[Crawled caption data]
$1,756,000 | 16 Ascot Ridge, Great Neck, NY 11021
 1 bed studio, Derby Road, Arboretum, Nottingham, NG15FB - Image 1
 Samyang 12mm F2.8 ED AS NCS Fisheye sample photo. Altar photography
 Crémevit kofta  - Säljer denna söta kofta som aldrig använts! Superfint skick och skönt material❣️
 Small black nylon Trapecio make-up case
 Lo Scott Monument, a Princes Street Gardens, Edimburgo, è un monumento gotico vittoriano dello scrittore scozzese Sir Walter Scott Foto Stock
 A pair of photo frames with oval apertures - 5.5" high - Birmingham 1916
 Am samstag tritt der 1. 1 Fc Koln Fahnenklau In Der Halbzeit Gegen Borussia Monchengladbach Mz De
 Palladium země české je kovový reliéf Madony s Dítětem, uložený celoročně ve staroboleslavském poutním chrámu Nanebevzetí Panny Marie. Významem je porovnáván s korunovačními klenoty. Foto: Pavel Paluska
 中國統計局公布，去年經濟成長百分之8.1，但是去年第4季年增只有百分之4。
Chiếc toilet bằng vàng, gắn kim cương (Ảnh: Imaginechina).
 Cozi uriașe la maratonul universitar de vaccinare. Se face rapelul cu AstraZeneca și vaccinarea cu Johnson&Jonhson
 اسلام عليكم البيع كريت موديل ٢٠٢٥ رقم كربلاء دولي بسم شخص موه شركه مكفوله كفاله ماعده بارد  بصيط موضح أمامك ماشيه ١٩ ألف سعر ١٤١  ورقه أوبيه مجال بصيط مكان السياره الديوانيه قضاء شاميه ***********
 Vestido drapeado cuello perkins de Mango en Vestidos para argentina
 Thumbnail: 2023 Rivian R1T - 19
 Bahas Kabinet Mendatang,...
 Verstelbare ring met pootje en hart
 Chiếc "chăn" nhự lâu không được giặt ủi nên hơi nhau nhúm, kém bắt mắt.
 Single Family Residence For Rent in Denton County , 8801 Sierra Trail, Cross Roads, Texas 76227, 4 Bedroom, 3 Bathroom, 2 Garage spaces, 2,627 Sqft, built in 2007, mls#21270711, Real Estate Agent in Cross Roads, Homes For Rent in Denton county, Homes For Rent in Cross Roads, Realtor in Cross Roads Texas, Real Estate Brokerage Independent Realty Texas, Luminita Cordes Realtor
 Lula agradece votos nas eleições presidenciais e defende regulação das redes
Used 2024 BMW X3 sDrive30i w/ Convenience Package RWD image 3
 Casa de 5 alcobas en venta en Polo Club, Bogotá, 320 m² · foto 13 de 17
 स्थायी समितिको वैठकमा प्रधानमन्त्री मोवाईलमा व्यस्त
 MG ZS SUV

**Work item:** From the entries above, restate word for word the lines from the line containing "och skönt material❣️" to the line containing "Am samstag tritt", both ends included, and nothing more.

**Output of the task:**
 Crémevit kofta  - Säljer denna söta kofta som aldrig använts! Superfint skick och skönt material❣️
 Small black nylon Trapecio make-up case
 Lo Scott Monument, a Princes Street Gardens, Edimburgo, è un monumento gotico vittoriano dello scrittore scozzese Sir Walter Scott Foto Stock
 A pair of photo frames with oval apertures - 5.5" high - Birmingham 1916
 Am samstag tritt der 1. 1 Fc Koln Fahnenklau In Der Halbzeit Gegen Borussia Monchengladbach Mz De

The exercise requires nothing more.